Presentations
Schedule of Events
|
|
Illinois DLIB Testbed Technologies for Converting
Legacy Mathematics for Display on the Web
Timothy W. Cole, Thomas G. Habing, and William H. Mischo
University of Illinois at Urbana-Champaign
Abstract
The University of Illinois at Urbana-Champaign Grainger Engineering
Library, under the auspices of the federally funded Digital Library Initiative
(DLI-I), has developed a Testbed currently comprised of over 50,000 full-text
articles in XML format from more than 44 Sci-Tech journal titles. The Illinois
Testbed is now supported under the CNRI D-Lib Test Suite program and a
Collaborating Partners program that provides monetary and in-kind support
for the Testbed technologies. The principal focus of the Illinois Testbed
has been on developing techniques for the representation and delivery of
full-text engineering and physics journal articles in a web environment.
The Illinois Testbed is constructed from source-text journal articles
supplied in SGML format by professional society and commercial publishers.
Testbed materials are converted from SGML to XML as they are added to the
Testbed. While the mathematics markup provided is generally compliant with
ISO 12083 Mathematics DTD or the AAP equivalent, each publisher has independently
implemented supplemental tags. Testbed materials have been contributed
by the American Institute of Physics, the American Physical Society, the
American Society of Civil Engineers, the Institution of Electrical Engineers,
the Association for Computing Machinery, Elsevier ScienceDirect, and the
American Society for Materials. The Testbed includes both a production
environment and research and development components.
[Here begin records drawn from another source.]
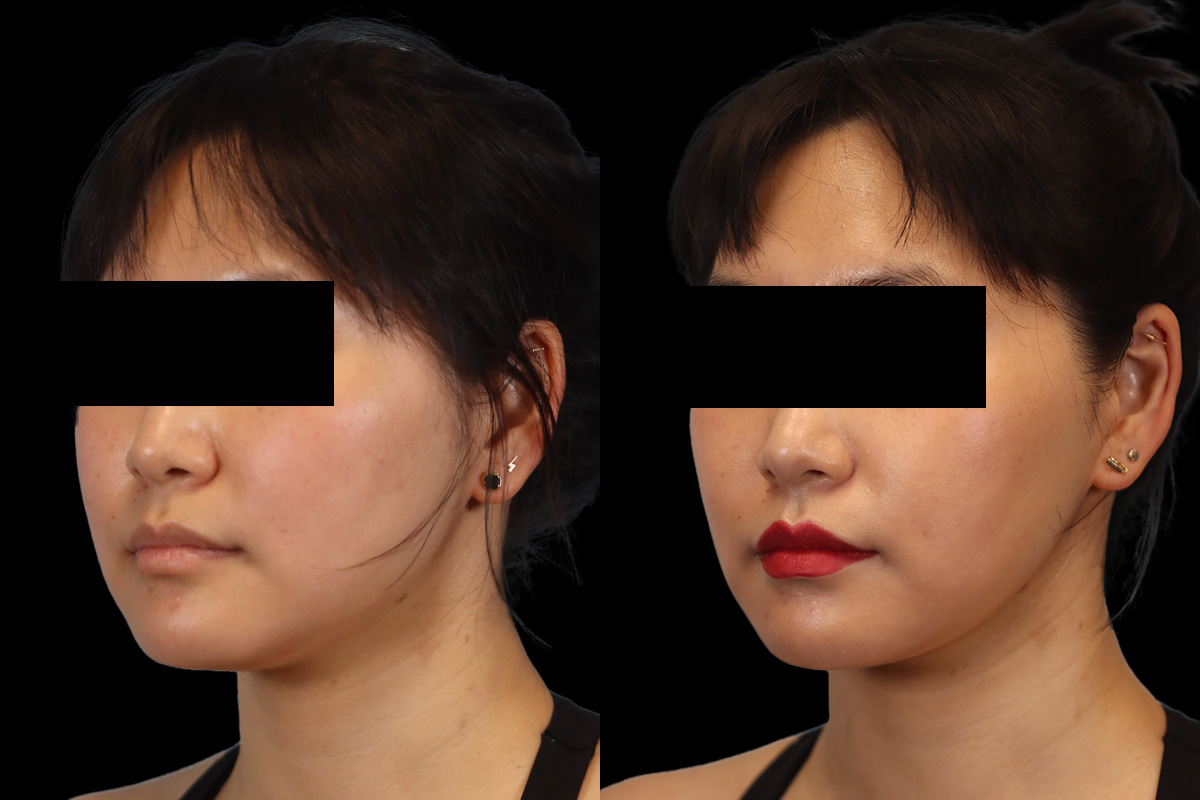 Buccal Fat Removal Before & After Gallery - Patient 150911 - Image 6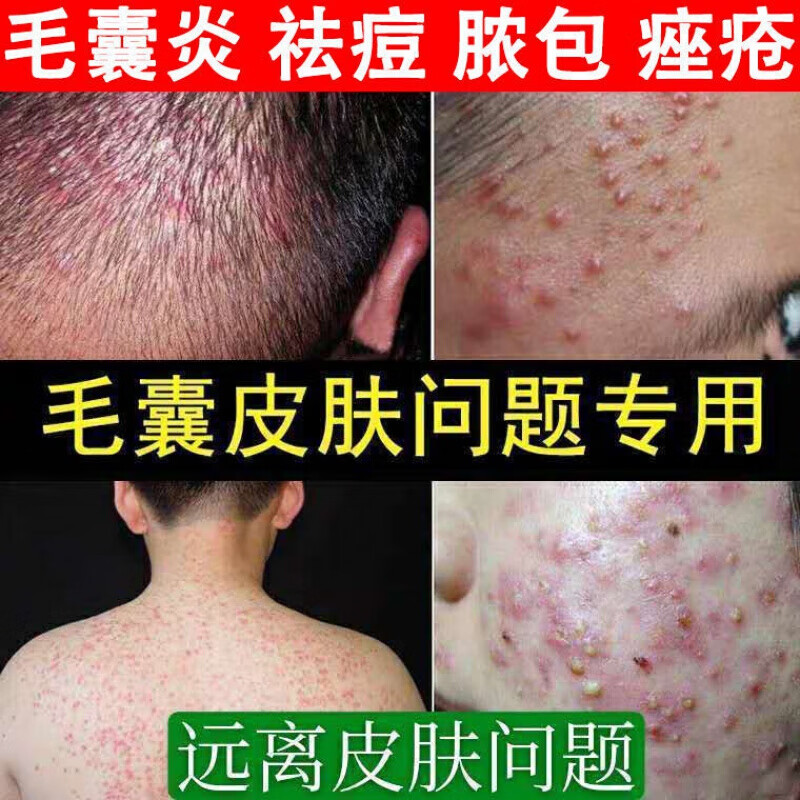 炎脓包硬块疙瘩大脓包痘痘坐扳疮屁真菌感染胸背刺痒长痘脓包止痒膏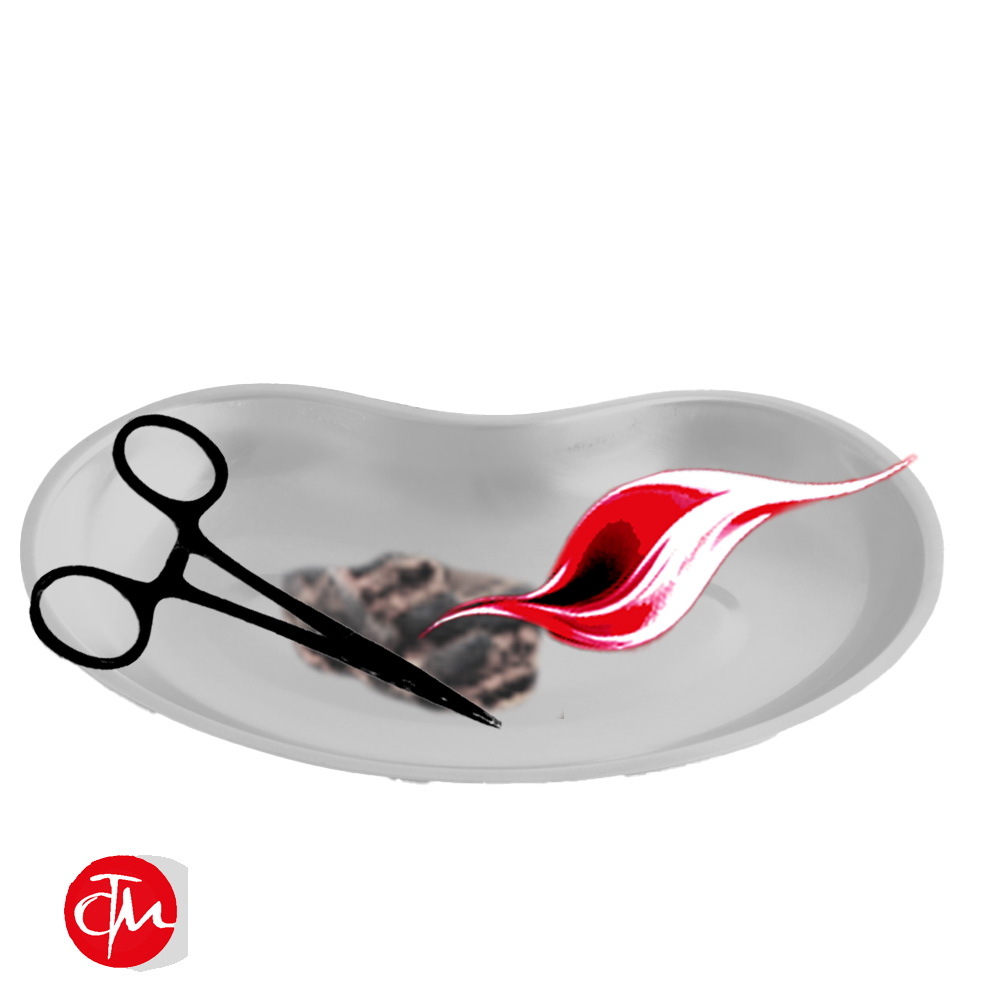 Moxazubehör / Werkzeuge für Moxa / Moxautensilien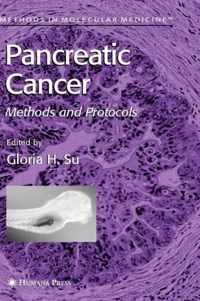 Pancreatic Cancer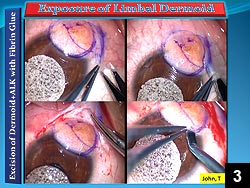 Figure 3: Conjunctival exposure of the limbal dermoid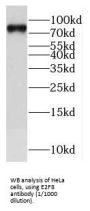 E2F Transcription Factor 8 (E2F8) Antibody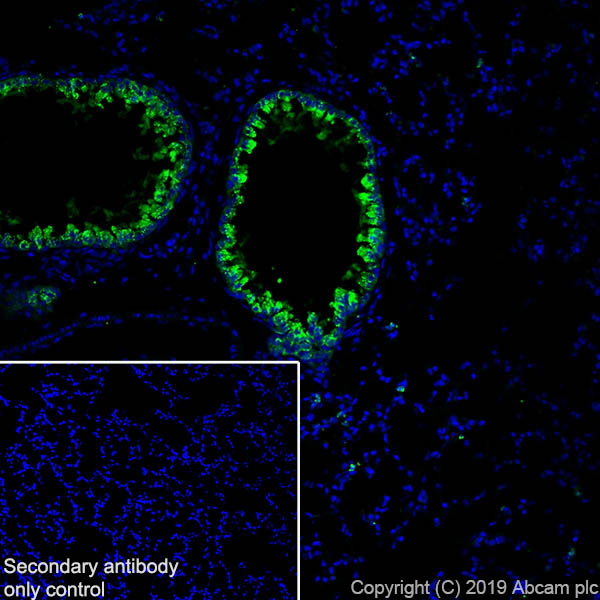 Immunohistochemistry (Frozen sections) - Anti-Haptoglobin antibody [EPR22856-233] (AB256455), expandable thumbnail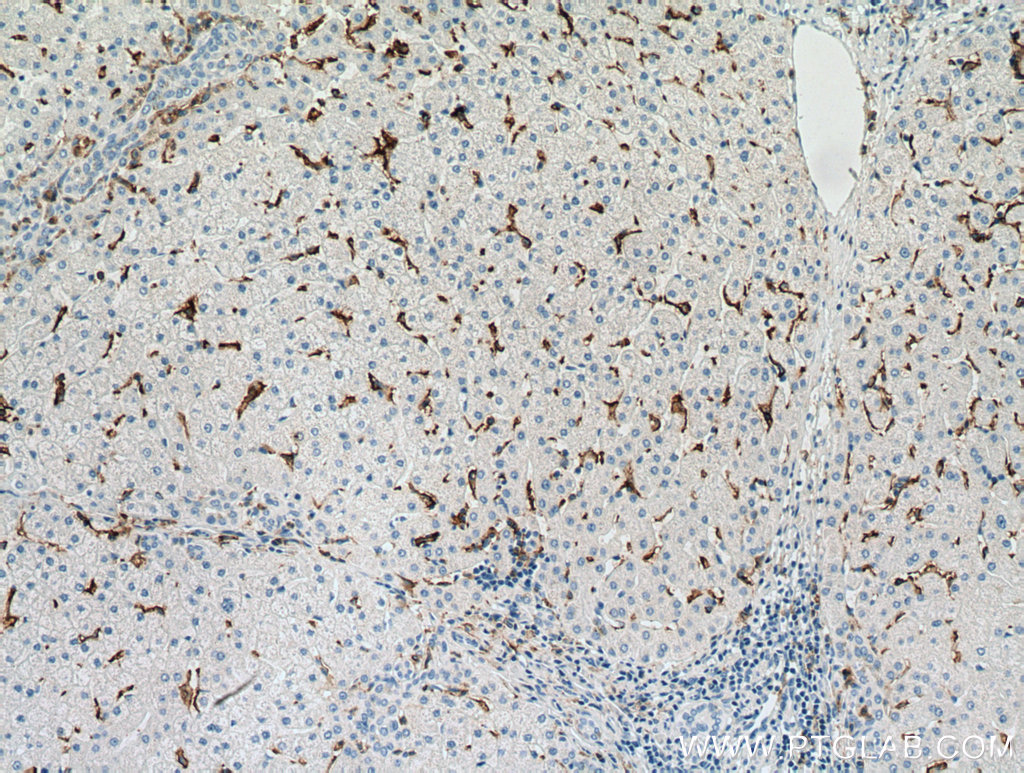CD16 Monoclonal antibody
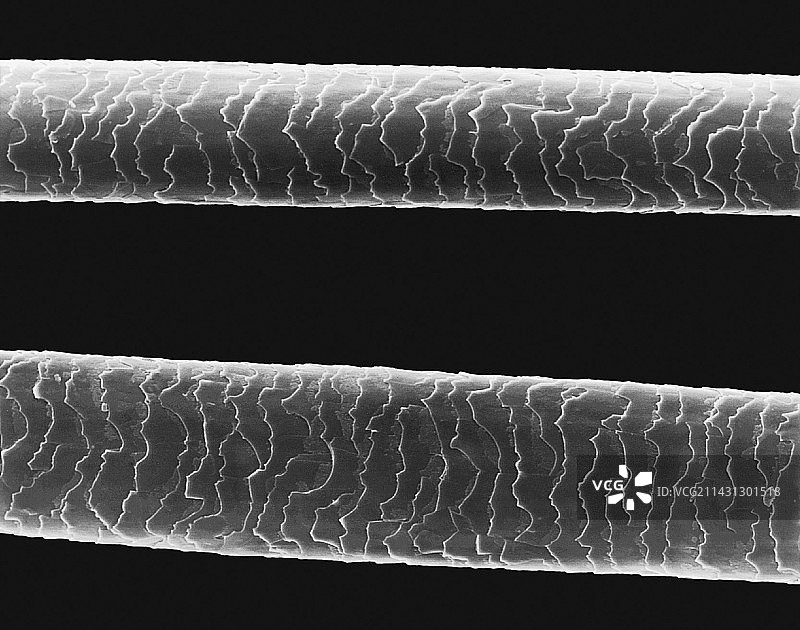 人类头发扫描电镜图图片素材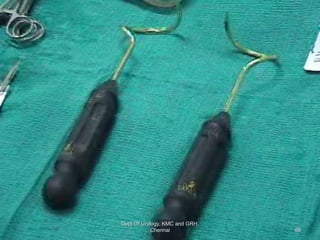 Dept Of Urology, KMC and GRH,
Chennai 88
 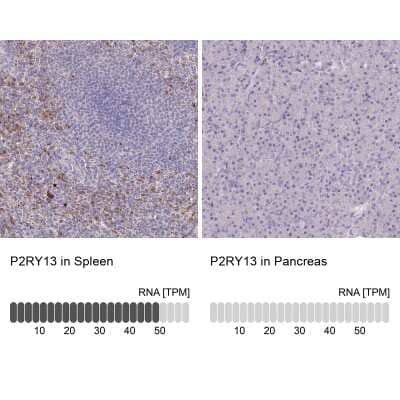 Immunohistochemistry-Paraffin: P2Y13/P2RY13/GPR86 Antibody [NBP2-13721]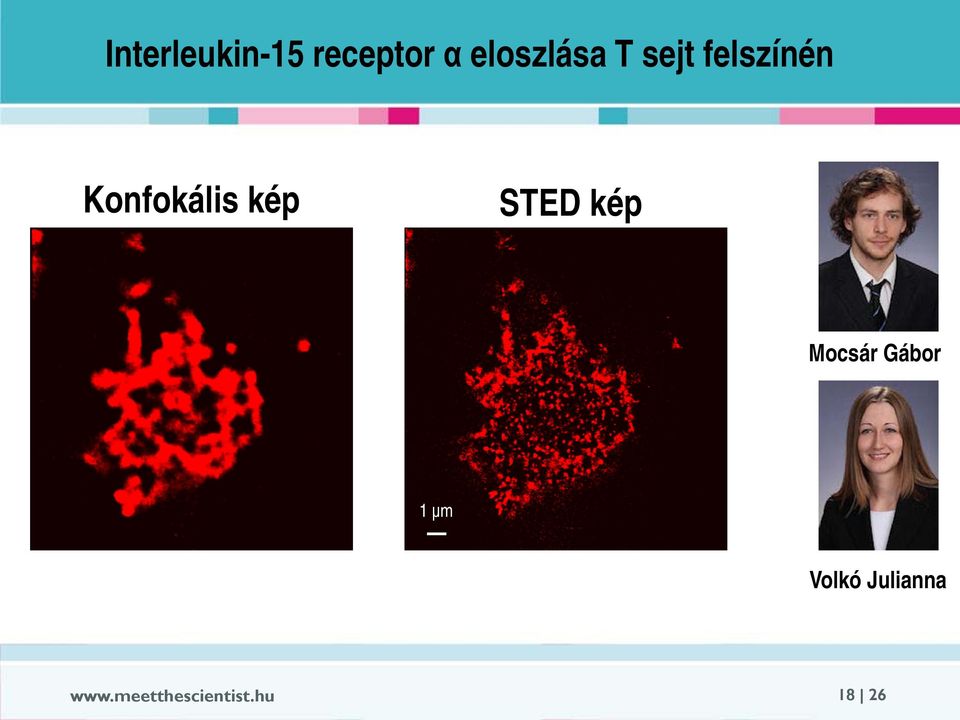 Konfokális kép STED kép Mocsár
The Testbed Team has developed a custom approach for rendering XML mathematics
natively within web browsers. This approach takes mathematics marked up
as well-formed XML, performs transformations on the server to improve its
renderability, and then sends it to the browser to render using CSS rules,
DHTML, XSLT, and downloadable fonts. There are a number of advantages to
dealing with mathematics natively in the browser. One is that the mathematics
will scale with the rest of the page if the user changes font size. The
user can also programmatically search for text or characters that occur
in the mathematics. No special plug-ins are required, and the network bandwidth
required is generally less than if bitmap versions of the mathematics were
downloaded. We are in the process of converting the ISO 12083-based XML
mathematics markup to MathML and applying the same techniques to rendering
MathML. As part of this process, we have developed automated algorithms
for the conversion of the legacy mathematics into MathML, using the presentation
subset of elements.
Our experience has shown that mathematics marked up in XML can be effectively
rendered natively in web browsers using CSS, DHTML, and XSLT. We have been
most successful in utilizing these techniques using Version 5 of the Microsoft
Internet Explorer web browser (IE5). IE5 is currently the only widely available
browser that supports all of the above technologies to the extent needed
for native rendering of complex mathematics. We have had less success with
Netscape web browsers to date, though Netscape browsers are capable of
rendering some complex mathematics acceptably. In both browsers, however,
there remain limitations. The quality of the resulting display mathematics,
while understandable, does not approach the quality of a dedicated mathematics
typesetting system or the quality of printed mathematics.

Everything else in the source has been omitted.